Miller arbitration study discussed in The New York Times
The New York Times reports that despite corporate executives praising arbitration clauses, companies are far less likely to use such clauses in contracts with each other than they are in contracts with consumers, according to a recent study co-authored by Stuyvesant P. Comfort Professor of Law Geoffrey Miller.
In the study, which appears as an article in the University of Michigan Journal of Law Reform, Professor Miller and co-authors Professors Theodore Eisenberg and Emily Sherwin of Cornell Law School compared arbitration clauses in telecommunications and financial services companies' consumer contracts with their use in the same firms’ non-consumer contracts. They found that more than three-quarters of the consumer agreements provided for mandatory arbitration but less than 10 percent of the firms’ material non-consumer, non-employment contracts included arbitration clauses.
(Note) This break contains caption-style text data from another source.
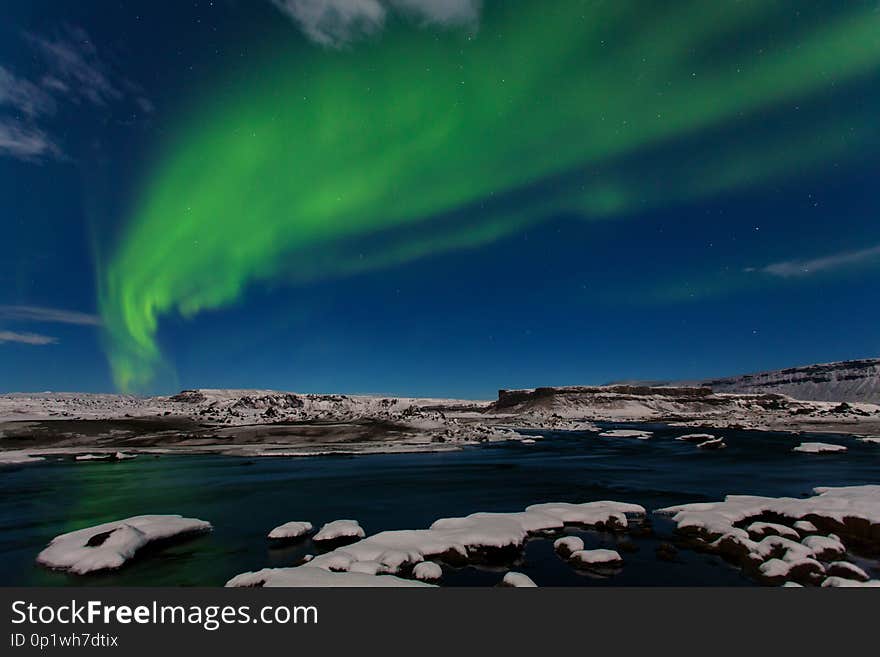 Aurora borealis above the sea. Jokulsarlon glacier lagoon, Iceland. Green northern lights. Starry sky with polar lights. Night winter landscape with aurora, sea with sky reflection in water. Nature, places near glacier lagoon Jokulsarlon Ice rock with black sand beach in southeast Iceland. Most popular place in Golden circle.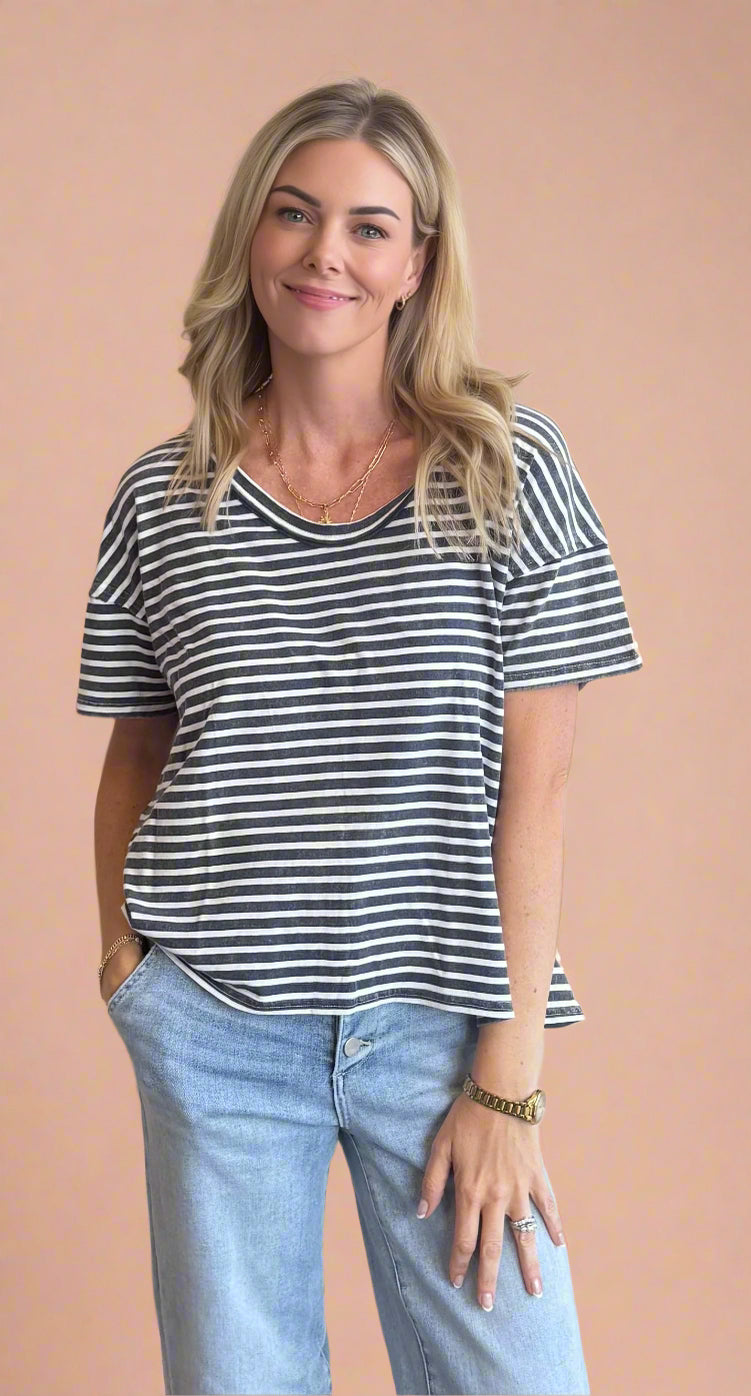 Woman wearing a striped shirt and jeans against a beige background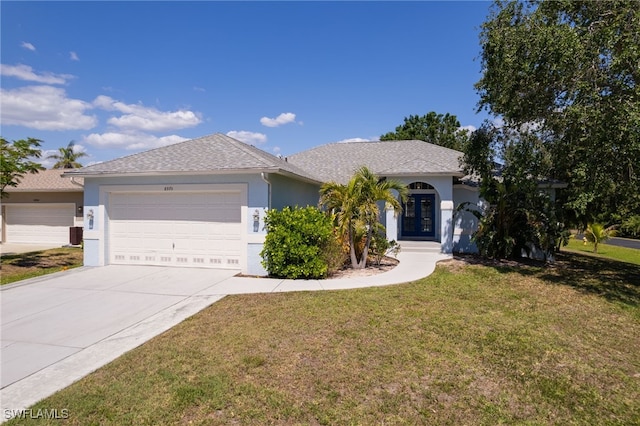 8970 Woodgate Manor Ct, Fort Myers, FL 33908 - ranch-style home with stucco siding, a garage, a front yard, and concrete driveway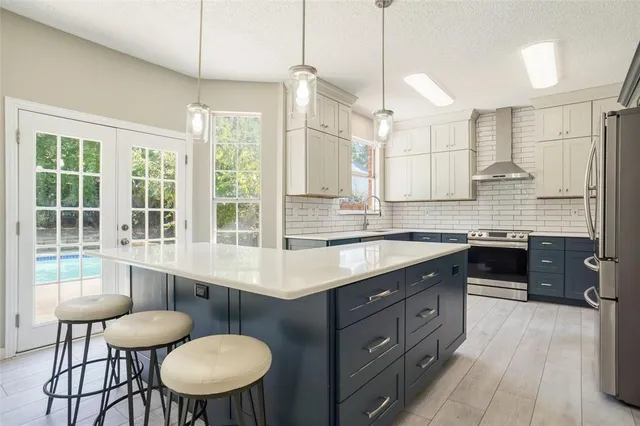 a kitchen with a table chairs stove and cabinets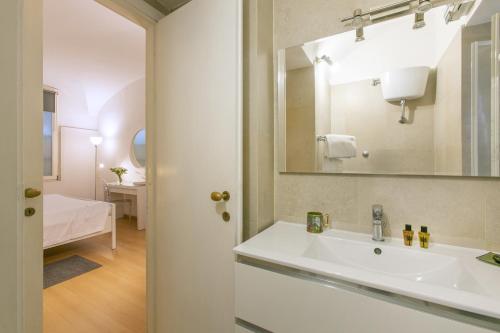 a bathroom with a white sink and a mirror at Rome Central Suite via Porcari in Rome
These findings suggest that companies prefer to litigate disputes with peers but would rather arbitrate consumer disputes. The study’s co-authors believe the focus on consumer arbitration is an effort by companies to avoid class action lawsuits rather than promote fair and efficient dispute resolution, as companies often claim.
Arbitration provisions are a controversial topic. Congress has proposed legislation limiting their use in nursing home contracts, and the Supreme Court heard arguments on Oct. 6 in a case about the enforceability of arbitration agreements.